Liver Transpl. 2023 Jul 17. doi: 10.1097/LVT.0000000000000219. Online ahead of print.
ABSTRACT
BACKGROUND: In Italy, 20 minutes of continuous, flat-line electrocardiogram are required for death declaration, which significantly increase the risks of DCD LT. Despite prolonged warm ischemia time, Italian centers reported good outcomes in controlled DCD (cDCD) LT by combining normothermic regional and end-ischemic machine perfusion. However, data on uncontrolled DCD (uDCD) LT performed by this approach are lacking.
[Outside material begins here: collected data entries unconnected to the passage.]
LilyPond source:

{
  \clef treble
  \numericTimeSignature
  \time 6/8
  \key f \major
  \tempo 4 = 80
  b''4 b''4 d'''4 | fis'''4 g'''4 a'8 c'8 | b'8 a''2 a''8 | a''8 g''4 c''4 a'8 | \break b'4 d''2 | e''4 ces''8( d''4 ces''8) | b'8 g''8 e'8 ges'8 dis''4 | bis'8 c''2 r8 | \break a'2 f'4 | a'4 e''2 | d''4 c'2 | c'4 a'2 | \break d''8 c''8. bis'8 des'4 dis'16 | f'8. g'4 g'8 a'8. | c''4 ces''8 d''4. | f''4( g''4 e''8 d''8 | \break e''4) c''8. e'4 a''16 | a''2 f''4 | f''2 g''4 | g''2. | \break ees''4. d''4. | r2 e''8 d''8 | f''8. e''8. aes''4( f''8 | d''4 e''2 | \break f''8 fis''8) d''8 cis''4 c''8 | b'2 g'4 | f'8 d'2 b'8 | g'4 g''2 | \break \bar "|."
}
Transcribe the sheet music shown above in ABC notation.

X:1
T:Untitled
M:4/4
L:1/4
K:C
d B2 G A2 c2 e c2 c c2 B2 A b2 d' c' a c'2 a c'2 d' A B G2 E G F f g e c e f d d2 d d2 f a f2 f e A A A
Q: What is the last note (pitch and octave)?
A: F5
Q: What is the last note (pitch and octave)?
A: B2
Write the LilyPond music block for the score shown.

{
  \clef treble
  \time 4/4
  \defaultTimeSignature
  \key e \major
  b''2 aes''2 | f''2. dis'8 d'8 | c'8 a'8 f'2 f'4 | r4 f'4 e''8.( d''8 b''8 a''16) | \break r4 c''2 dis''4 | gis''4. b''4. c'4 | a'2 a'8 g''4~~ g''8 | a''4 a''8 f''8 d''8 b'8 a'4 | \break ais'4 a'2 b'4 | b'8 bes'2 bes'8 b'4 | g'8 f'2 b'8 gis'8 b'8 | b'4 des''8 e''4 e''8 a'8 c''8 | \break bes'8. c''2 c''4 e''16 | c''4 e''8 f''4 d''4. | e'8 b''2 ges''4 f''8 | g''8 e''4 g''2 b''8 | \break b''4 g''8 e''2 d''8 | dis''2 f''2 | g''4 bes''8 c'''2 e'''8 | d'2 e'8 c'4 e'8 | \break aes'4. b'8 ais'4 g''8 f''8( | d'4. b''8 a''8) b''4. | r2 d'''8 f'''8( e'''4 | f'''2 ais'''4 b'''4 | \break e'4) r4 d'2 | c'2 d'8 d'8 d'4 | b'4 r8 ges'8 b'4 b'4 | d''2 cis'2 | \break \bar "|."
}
PATIENTS AND METHODS: This was a multicenter, retrospective study performed at three large volume centers comparing clinical outcomes of uncontrolled versus controlled DCD LT. The aim of the study was to assess outcomes of sequential normothermic regional perfusion (NRP) and end-ischemic machine perfusion in uncontrolled DCD liver transplantation (LT) Results: Of 153 DCD donors evaluated during study period, 40 uDCD and 59 cDCD grafts were transplanted (utilization rate 52% vs. 78%, p = 0.004). Recipients of uDCD grafts had higher MEAF (4.9 vs. 3.5, p < 0.001) and CCI score at discharge (24.4 vs. 8.7, p = 0.026), longer ICU stay (5 vs. 4 d, p = 0.047) and a trend towards more severe AKI. At multivariate analysis, 90-days graft loss was associated with recipient BMI and lactate downtrend during NRP. One-year graft survival was lower in uDCD (75% vs. 90%, p = 0.007) but became comparable when non-liver-related graft losses were treated as censors (77% vs. 90%, p = 0.100). Incidence of ischemic cholangiopathy was 10% in uDCD versus 3% in cDCD, p = 0.356.
CONCLUSIONS: uDCD LT with prolonged warm ischemia is feasible by the sequential use of NRP and end-ischemic machine perfusion. Proper donor and recipient selection are key in achieving good outcomes in this setting.